Hip Hop Museum
When The City of New York’s Department of Housing, Preservation, and Development (HPD) solicited development bids for a four-acre site in The Hub section of the South Bronx, an interesting opportunity arose. The Richman Group, one of the largest real estate development firms in the US, contracted Urbane Development to conceptualize a comprehensive retail, commercial, and community facility program for the site. The challenge was finding an anchor user that could act as a destination attraction while serving the tenants and neighborhood residents. Besides its other most known entity (the Yankees) the South Bronx is synonymous with being the birthplace of hip-hop. Could the global phenomenon find its way home?
As one of the truly American art and cultural forms, there is no single definitive institutional space to chronicle hip hop’s rich history and dynamic evolution over time. Perhaps more importantly, as a living art, there is no space to explore and craft its future. The National Museum of Hip Hop, a NYC-based non-profit, has worked over the past decade to build an entity that pays homage to the four core elements of hip hop culture (MCing, DJing, Graffiti, and Break Dancing), as well as to chronicle hip hop’s path into mainstream culture. Working as a virtual museum and curator of temporary and traveling exhibitions and events, the NMOH is ready for a permanent facility.
With NMOH in mind, Urbane conducted extensive primary and secondary market research, including a RIMS II input-output assessment to determine the museum’s overall economic impact on the South Bronx and the city of New York. Located near The Hub shopping district, with over 200,000 unique visitors daily, the proposal sought to bring additional cultural and community uses to create a truly vibrant and energetic destination that reflects the South Bronx community.
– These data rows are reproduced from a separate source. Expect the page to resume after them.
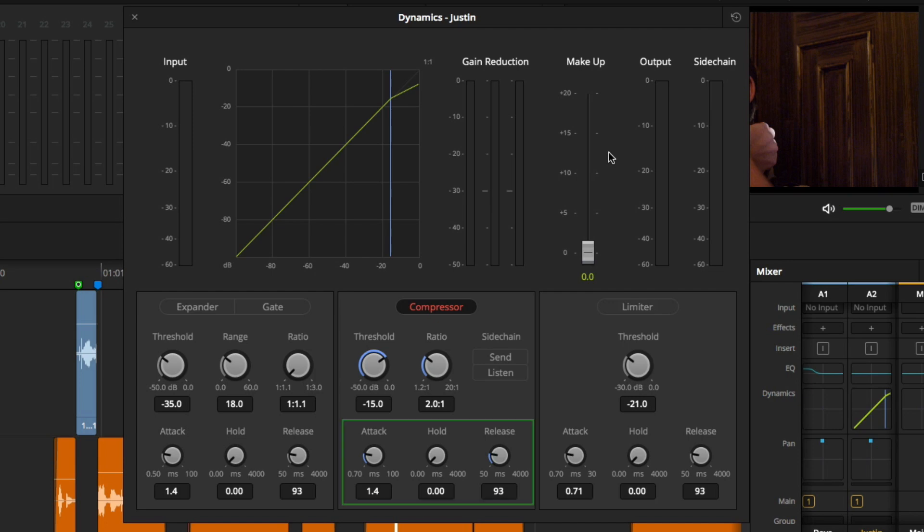Then below that, you have attack, hold, and release. Attack tells the compressor how quickly to enable compression once the signal passes the threshold. Hold is how long the compressor will continue compressing after attack has been completed. Release is how quickly the compressor is turned off once it has fallen below the threshold.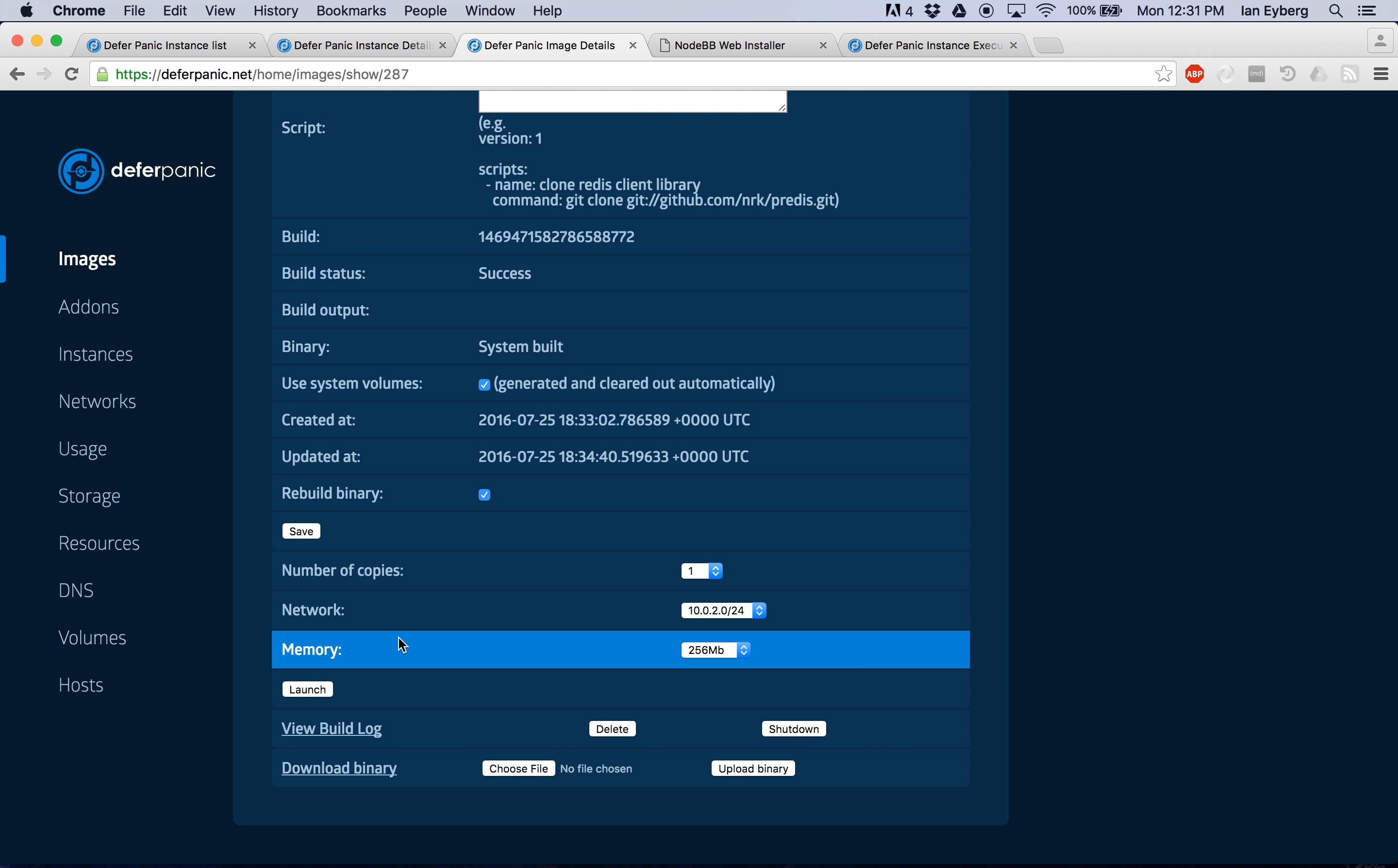Then the other feature that we kind of put hand-in-hand with this was the ability to dynamically adjust the amount of memory that you want to give your instance.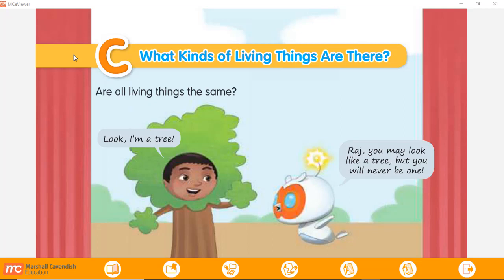Assalamualaikum warahmatullahi wabarakatuh. Hello kids, how are you? I hope that all of you are good today. So today, in this morning, we are going to learn about living things again on part C.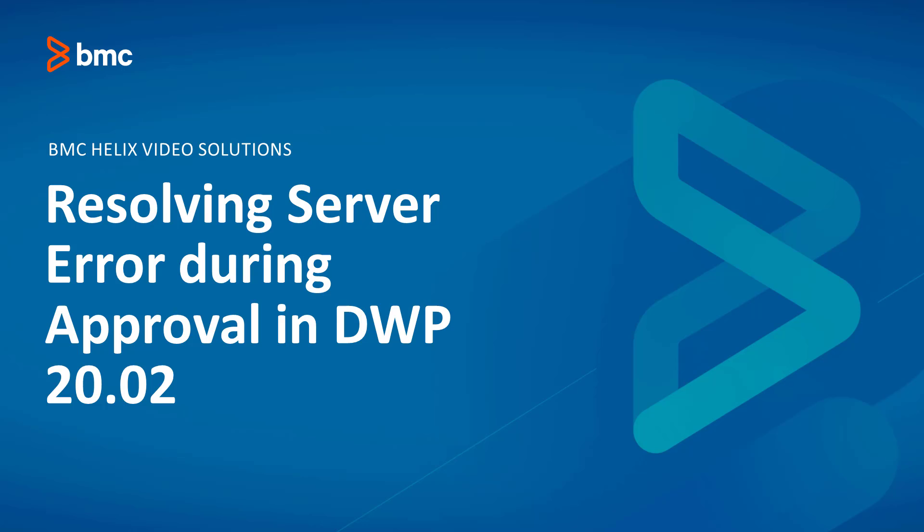Hello. In this video, I'm going to show you a workaround for an error message that appears when an approver tries to approve or reject a request in DWP.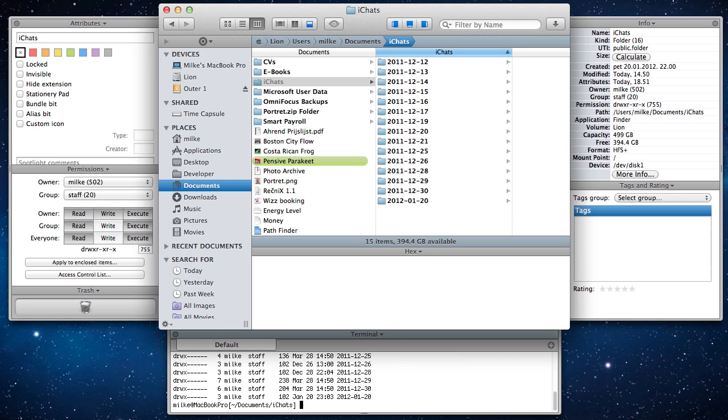This has been an overview on how to use Pathfinder's modules to easily manipulate and show different file information. Thanks for watching.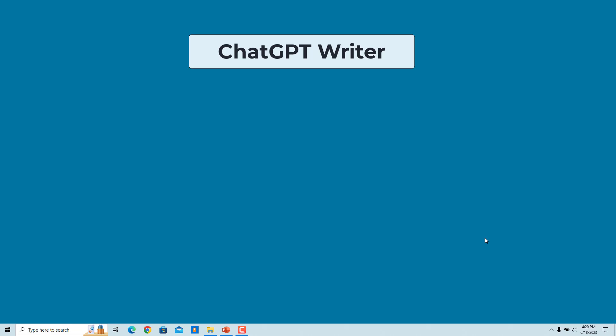The ChatGPT Writer extension is a Chrome extension that uses ChatGPT AI to generate entire emails or replies based on keywords input by the user. It is tightly integrated with Gmail for the best user experience and it works on all sites.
The concept included plans for the National Museum of Hip Hop as an anchor tenant, a cabaret-style restaurant and lounge, urban streetwear retail, and an art gallery curated by the 5 Pointz artist collective.
Urbane worked with the NMOH to codify a financing and operations model for the museum, as well as connect museum staff with Urbane Collaborative partners from the Tate Modern to craft its content, exhibition, and archival framework. In addition, Urbane worked with NMOH staff to create criteria for site selection and facility needs, as well as a phased staffing and marketing plan for the budding institution.
For its latest exhibition, a display at The Palace Theater in Manhattan for the Broadway show Holler if Ya Hear Me, Urbane assisted NMOH with contract negotiation, ideation, and logistics of the exhibit. While the Richman Group/NMOH concept was ultimately not chosen as the development concept for this site, the research and operation groundwork for a museum facility was laid during the bid response period. Urbane continues to provide consulting services and ongoing technical assistance to the museum.